Sample: bb9fe8c3df598b8b6ea2f2653c38ecd2

Version: 1.1.3.4
RC4: E2 82 3E B3 04 11 15 34 17 64 01 DC 7D B8 A5 35 CB 00 19 AA 81 59 6E 1B 85 7E 44 CA 10 90 40 2A C3 36 20 C5 C2 55 E6 F4 43 67 5B 42 4D 21 98 D4 78 70 1A 6F 72 24 88 B4 0A E7 B9 BC C1 8E 8F 79 86 CC 5F 46 FC A9 1C F0 74 E0 C0 3F 8D DD EC 4C 66 A0 02 97 C6 99 BB 7F 0D A8 3A 27 07 E8 75 80 28 54 93 D3 BD 2C EA 9D F6 0B 45 2E F1 EB A3 0E 9E BA 4B 9F 09 89 56 29 C4 48 23 14 2F DA F5 39 3B 8C CD 2B 37 41 A2 95 0F C9 BE AD F8 D7 DE C8 B5 0C 76 51 DF 5D B2 D6 AC 83 52 08 50 92 E1 B0 9C AE CF E4 ED B1 5E 7C 6A 96 65 26 87 2D 12 8A 9A A4 FF 94 D2 7A C7 47 31 7B EE CE DB 32 B7 06 D1 F2 EF AB AF 3C 18 84 E3 22 61 03 3D D9 9B 05 58 D8 30 F7 F3 B6 62 8B 1E 6C 71 FA 4A 4E 63 60 4F 16 6D 25 FB 53 FD 13 33 D0 E9 73 68 F9 69 A6 38 57 6B 5A 49 1D A1 A7 1F BF 5C D5 E5 91 77 FE
Drop Point: http://localhost/gate.php
Infection Point: http://localhost/bot.exe
Update Point:
http://secureinformat.com/?ajax (static config)

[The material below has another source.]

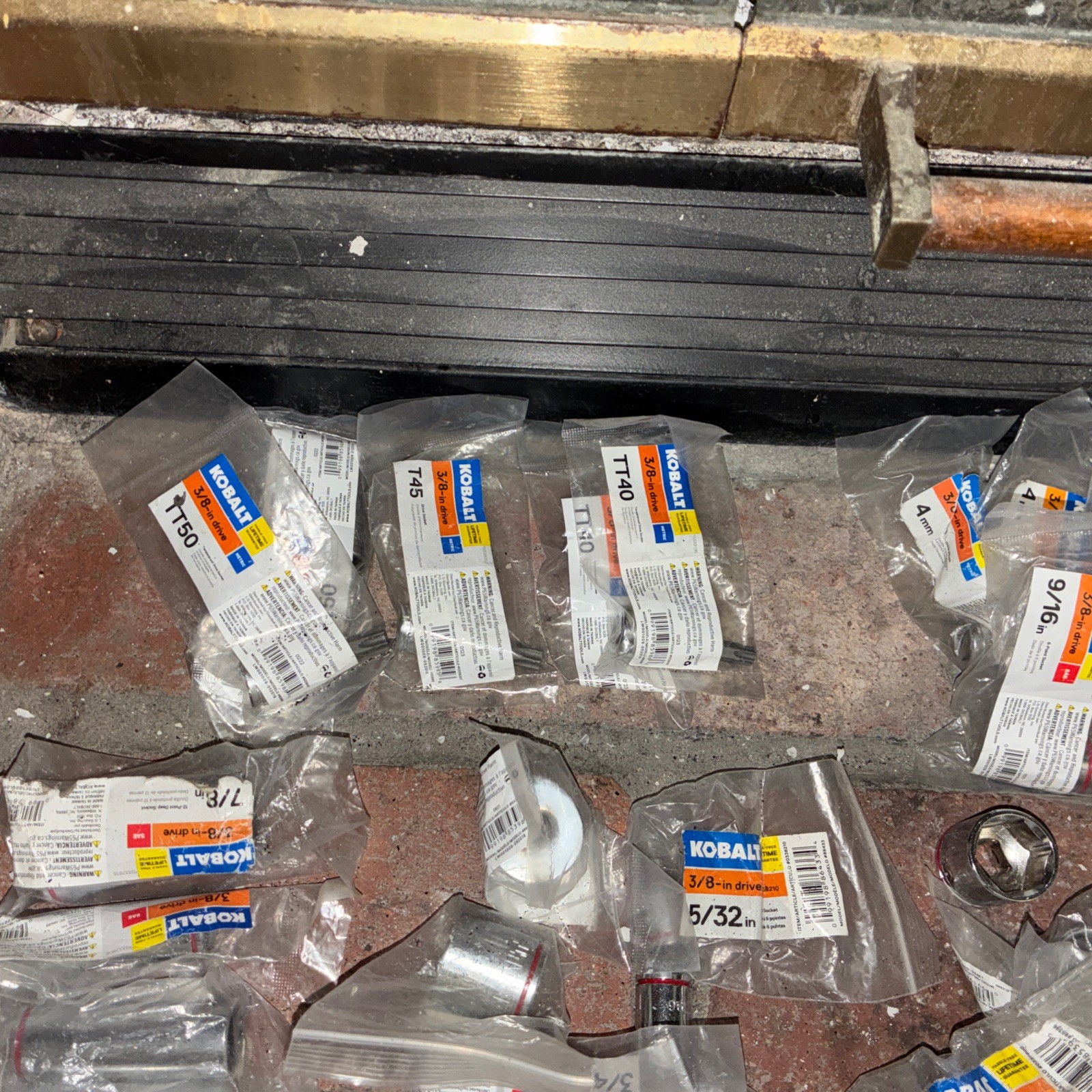 Lot 170 Kobalt Sockets 170 Items!All New 1/4 3/8 1/2 Metric SAE Assorted Chrome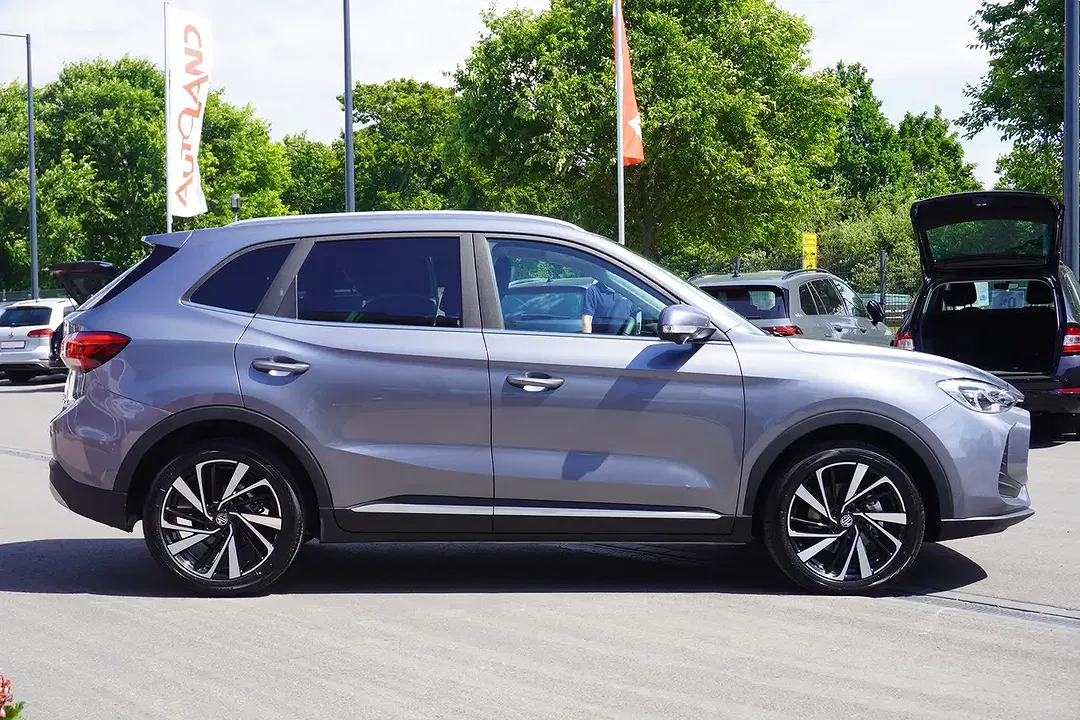 MG ZS - Thumbnail 3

For unpacking the config, here again nothing new, regular Zeus v2.
Once unpacked, we can see that the malware is targeting German banks and Trusteer:

http*://*netbanking.sparkasse.at/hilfe/sicherheit*
https://*banking.berliner-bank.de/trxm*
https://*banking.co.at*
https://*commerzbank.de*
https://*commerzbanking.de*
https://*meine.deutsche-bank.de/trxm/db*
https://*meine.norisbank.de/trxm/noris*
https://banking.postbank.de/rai*
https://banking.sparda.de*
https://finanzportal.fiducia.de*
https://netbanking.sparkasse.at/*
https://netbanking.sparkasse.at/casserver/login*
https://netbanking.sparkasse.at/sPortal/*
https://online-*.unicredit.it/*
https://online.bankaustria.at*
https://*commerzbank.de*
https://*commerzbanking.de*
https://*meine.deutsche-bank.de/trxm/db*
https://*meine.norisbank.de/trxm/noris*
https://www.trusteer.com/ProtectYourMoney*

WebInjects:

https://secure730.com/oz1/service.in?id=50
https://secure730.com/oz1/service.in?id=44
https://secure730.com/oz1/service.in?id=43
https://secure730.com/oz1/service.in?id=41
https://secure730.com/oz1/service.in?id=7
https://secure730.com/oz1/service.in?id=6
https://secure730.com/oz1/service.in?id=4
https://secure730.com/oz1/service.in?id=3
https://secure730.com/oz1/service.in?id=2
https://secure730.com/oz1/service.in?id=1
https://secureinformat.com/id/351
https://secureinformat.com/id/350
https://secureinformat.com/id/51
https://secureinformat.com/id/10

Man in the browser:

Clean browser surfing Trusteer website:

Infected browser surfing Trusteer website:

Requesting the user to download an APK:

Test done on the latest Firefox version (v27.0.1)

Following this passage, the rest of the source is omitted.